Of course, the same argument about wanting a structured Bug could be made for withKnownIssue as well, so maybe that's a different request that doesn't have to be tied to this one. Test(.Case).cancel as proposed here is consistent with the other swift-testing API signatures.
For the moment at least, traits are scoped to a test function or a test suite, not to something local. I would encourage you to place a .bug() trait and a .disabled() trait on a test that is not able to run due to some bug rather than starting the test and then cancelling it.
Xcode is able to pick up on .bug() traits applied to tests and show them in the test report. It would not know how to handle a .bug() trait applied at runtime. (I know Bazel isn't bound to Xcode. Just providing some more context.)
Applying traits in a scope narrower than a test function is not, at this time, a planned feature, although we have seen some interest in something I'm calling "locally-scoped traits" which might dovetail well with what you're thinking of.
In the future world I'm thinking of, withKnownIssue { ... } naturally becomes a synonym of something like withLocalTrait(.knownIssue) { ... } (naming is hard). This is beyond the scope of this proposal, but I can add it to the Future directions section.
I sort of want to quibble about the exception that Comment is also a trait, but I understand what you mean here.
We would likely just continue to enforce syntax like Test(\(\.Case\))?\.cancel\("TODO: \d+ - in the meantime. Future directions like the one you described are nice to take advantage of structured representations and make runtime reporting more detailed, but also are trickier to detect in text-based pre-submit hooks like this, so there are always trade-offs.
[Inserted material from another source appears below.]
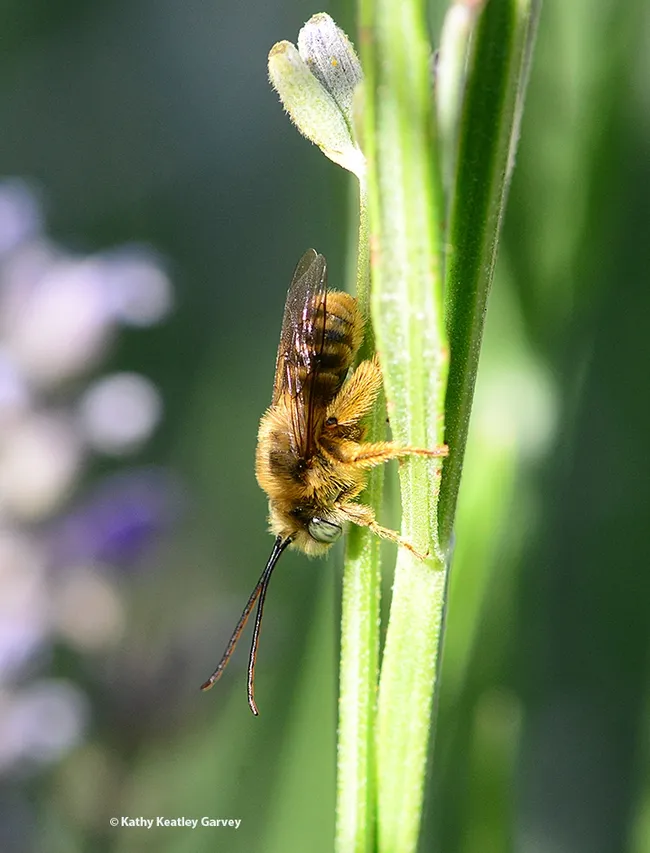 A male longhorned bee, Melissodes agilis, in a Davis garden. (Photo by Kathy Keatley Garvey)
But again, nothing that would require changes to the feature as proposed.
The API seems useful and usable both for the test developer and the consuming tools.
The API could be clearer if the cancel functions returned Never, which would also permit the compiler to avoid returns in guard blocks.
Also it seems like a public typed error or protocol would help. Typed throws can be very useful, and I can imagine users catching and rethrowing these errors to do their own accounting, since the bare semantics of cancel could be used for a wide variety of runtime suite-managing features. But perhaps those concerns should be handled in the test issue recording?
That suggests some exploration of the reasons users want to cancel at runtime could inform the API discussion, e.g.,:
Precondition failure, e.g., remote DB went offline, disk space filled up
Fast unwind: some signal or internal condition warrants cancelling remaining tests
The majority are failing
It’s a fuzzing suite that runs unbounded until some failure is reproduced
Sufficient coverage: for generated test cases, some threshold met
Uncovered semantics: some generated combinations are not testable
(However, it’s not clear if any of these in particular drive towards any different API.)
There are some technical reasons we aren't exposing a type here, primarily that we'd really like to use _Concurrency.CancellationError for this purpose as it is the canonical error thrown by Swift concurrency API for this purpose. _Concurrency.CancellationError does not carry any state with it though, so it's insufficient for this purpose.